On October 21, 2020, the board of directors (the "Board") of Yext, Inc. (the
"Company") approved an increase in the number of authorized directors from eight
to nine and elected Hillary Smith as a Class II member of the Board to fill the
vacancy. Ms. Smith's term will expire at the 2022 annual meeting of
stockholders. The Board has also determined Ms. Smith will be serving on the
Compensation Committee of the Board.
Hillary Smith has served as an operating partner at Craft Ventures since
September 2019 and also serves as a consultant to various technology companies.
Previously, Ms. Smith served as general counsel at a number of public and
private technologies companies most recently Square, Inc., from December 2016 to
March 2018. From July 2015 to October 2016, Ms. Smith served as general counsel
and corporate secretary for Zenefits, and from May 2010 to June 2015, she served
as general counsel to SuccessFactors, Inc. Ms. Smith has served on the Board of
Directors at Elevate Services, Inc., a private company that offers consulting,
technology, and services to law departments and law firms, since November 2018
and also serves on the advisory boards of other technology companies and
non-profits. Ms. Smith holds a B.A. in History from Montana State
University-Bozeman and a J.D. from Cornell Law School.

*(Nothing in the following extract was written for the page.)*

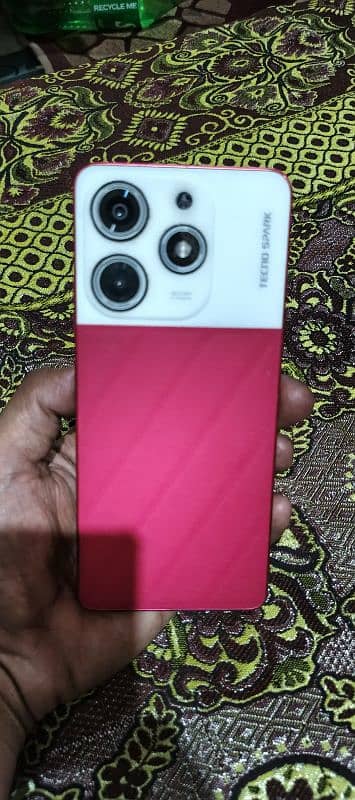 spark 10 pro 8+8 GB ram 256 GB memory 4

Ms. Smith is eligible to receive compensation as outlined in the Company's
outside director compensation policy described in the Company's proxy statement
dated April 23, 2020. Pursuant to this policy, the Company's outside directors
are eligible to receive an annual cash retainer based on their general service
on the Board and additional cash retainers for participation or serving as
chairperson of certain committees of the Board. Under the policy, a non-employee
director can elect to receive such cash compensation in the form of equity
awards. The Company's outside directors are also eligible to receive equity
awards under the Company's 2016 Equity Incentive Plan (the "Plan").
In connection with her election to the Board, Ms. Smith has been awarded an
initial grant of restricted stock units having a value, as defined under the
policy, of $300,000 at the time of grant under the Plan, or 18,007 restricted
stock units. This award will vest in approximately equal installments annually
over a three-year period, subject to continued service through each vesting
date. The Company's outside directors are also entitled to an annual grant of
restricted stock or restricted stock units having a value, as defined under the
policy, of $150,000 at the time of grant, provided the non-employee director has
served on the Company's Board of Directors for at least the preceding six
months. This annual award will vest as to 100% of the shares on the one-year
anniversary of the date of grant or upon a change of control. The Board has
discretion to accelerate or modify such vesting schedule. Finally, the Company
reimburses its non-employee directors for all reasonable out-of-pocket expenses
incurred in the performance of their duties as directors.
In connection with her election, Ms. Smith entered into the Company's standard
indemnification agreement for directors and officers.